The Congress has alleged that the BJP government led by Narendra Modi is ‘misusing’ the central agency to target opposition leaders ahead of elections. “It is in Amit Shah’s fitrat (nature). Wherever he goes in the country, ED and CBI follow. All that has transpired over the past few days is the result of Shah trying to suppress the Opposition’s voice ahead of elections,” Haryana Congress chief Udai Bhan highlighted how the action was timed after Amit Shah’s visit on July 16 in Mahendergarh. He said that BJP may try to target Hooda as well owing to his growing popularity ahead of assembly elections.

Sanjay Sharma, state spokesperson of the BJP while dubbing the ED action ‘apolitical’, said that  the party had not interfered at any level in the operations of the ED. “Does a thief ever say he is a thief? The Congress thinks that the BJP government controls the CBI and ED, the way it did when it was in power. BJP doesn’t believe in doing that. The BJP government has given complete freedom to central agencies to act against offenders. If the Congress leaders think they are being unduly targeted, they should let the truth come out and have the BJP government defamed for misuse of agencies. But they know the truth and this is the reason they are crying foul,” said Sharma.

The ED’s probe details

 Leaving nothing to speculation or imagination, the ED has been issuing detailed statements for their action in Haryana. According to a media statement issued by the agency in the Panwar case, they arrested him after raids at 20 premises in Faridabad, Sonipat, Yamunanagar, Karnal, Chandigarh and Mohali in January this year.  Following the same, a case was registered against Panwar and his associate, former MLA Dilbag Singh. Dilbag, a relative of Indian National Lok Dal leader Abhay Chautala, was a two-time MLA from Yamunanagar in 2009 and 2014.

During January raids, the ED had seized Rs 5.29 crore in cash, gold valued at approximately Rs 1.89 crore, two vehicles, various electronic devices, documents related to investments in India and abroad, and other incriminating materials, five illegal firearms, several cartridges and rounds of ammunition, and 138 bottles of liquor (exceeding permissible legal limits) from Dilbag’s premises. Dilbag was arrested in January itself while Panwar was nabbed in July.

“These operations were conducted under the Prevention of Money Laundering Act (PMLA), 2002, as part of an investigation into large-scale illegal mining of sand, boulders, and gravels in Yamunanagar and nearby districts of Haryana. The case involves Dilbag Singh and Surender Panwar, an MLA, and their associates.

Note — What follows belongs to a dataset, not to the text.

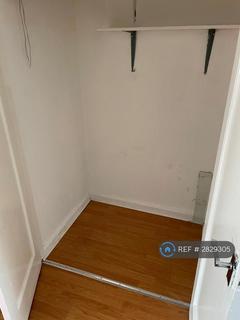 3 bedroom flat to rent, Edge Lane, Stretford, Manchester, M32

The investigation revealed that illegal excavation and sale of minerals (boulders, gravel and sand) were being carried out by screening plant owners and stone crushers in Yamunanagar through illegal transportation of mined minerals without generating the required e-Rawana bills from the Mining Department portal or by presenting fake physical copies of these bills upon inspection”, read the statement.

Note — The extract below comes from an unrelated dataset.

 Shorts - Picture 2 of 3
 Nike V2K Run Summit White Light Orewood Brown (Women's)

Similarly, in the case of Dan Singh, raids were conducted under the provisions of PMLA at 16 locations in Delhi, Gurugram (Haryana), Mahendergarh (Haryana) and Jamshedpur (Jharkhand) against a company called Allied Strips Limited, its promoters Gaurav Aggarwal and Mohender Aggarwal, Dan Singh, his son Akshat Singh and their entity, Suncity Projects Private Limited, and others.

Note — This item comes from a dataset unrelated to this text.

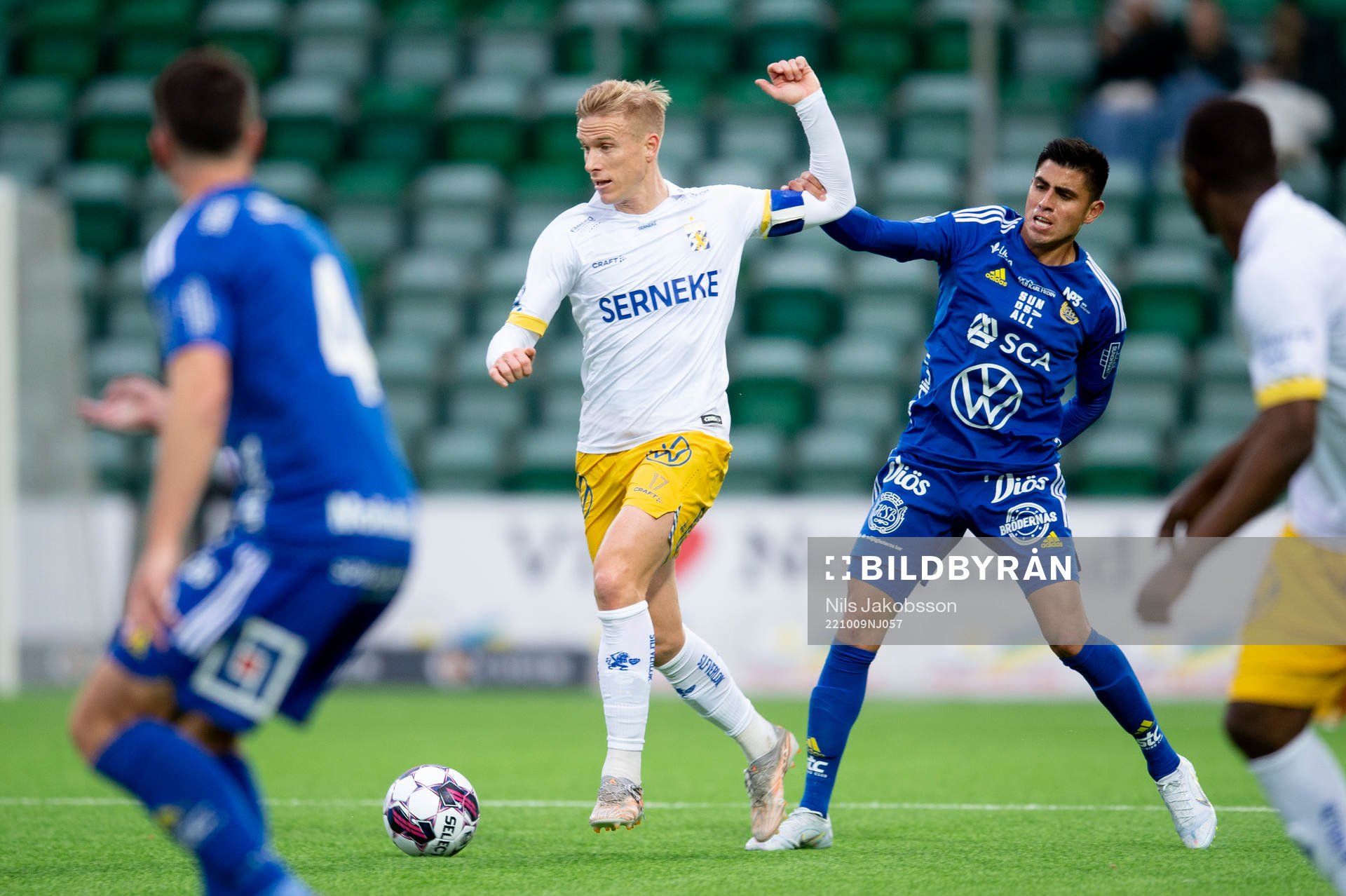 IFK Göteborgs Oscar Wendt och GIF Sundsvalls Joe Corona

An FIR by the CBI accused them of causing wrongful losses of more than Rs. 1392.86 crore to the consortium of banks led by Canara Bank. ED said their modus operandi included siphoning the funds borrowed from banks to other companies in the form of unsecured loans & advances, writing off debts of various debtors, bogus transactions and taking cash in return, which had been invested for buying land and other long-term purposes. In M3M’s case, ED said that it initiated an investigation based on a FIR registered by the CBI under various sections of IPC, 1860, and Prevention of Corruption Act, 1988, against former Chief Minister Hooda, Trilok Chand Gupta, the then director of the Department of Town and Country Planning, R.S. Infrastructure Private Limited, and 14 other colonizer companies.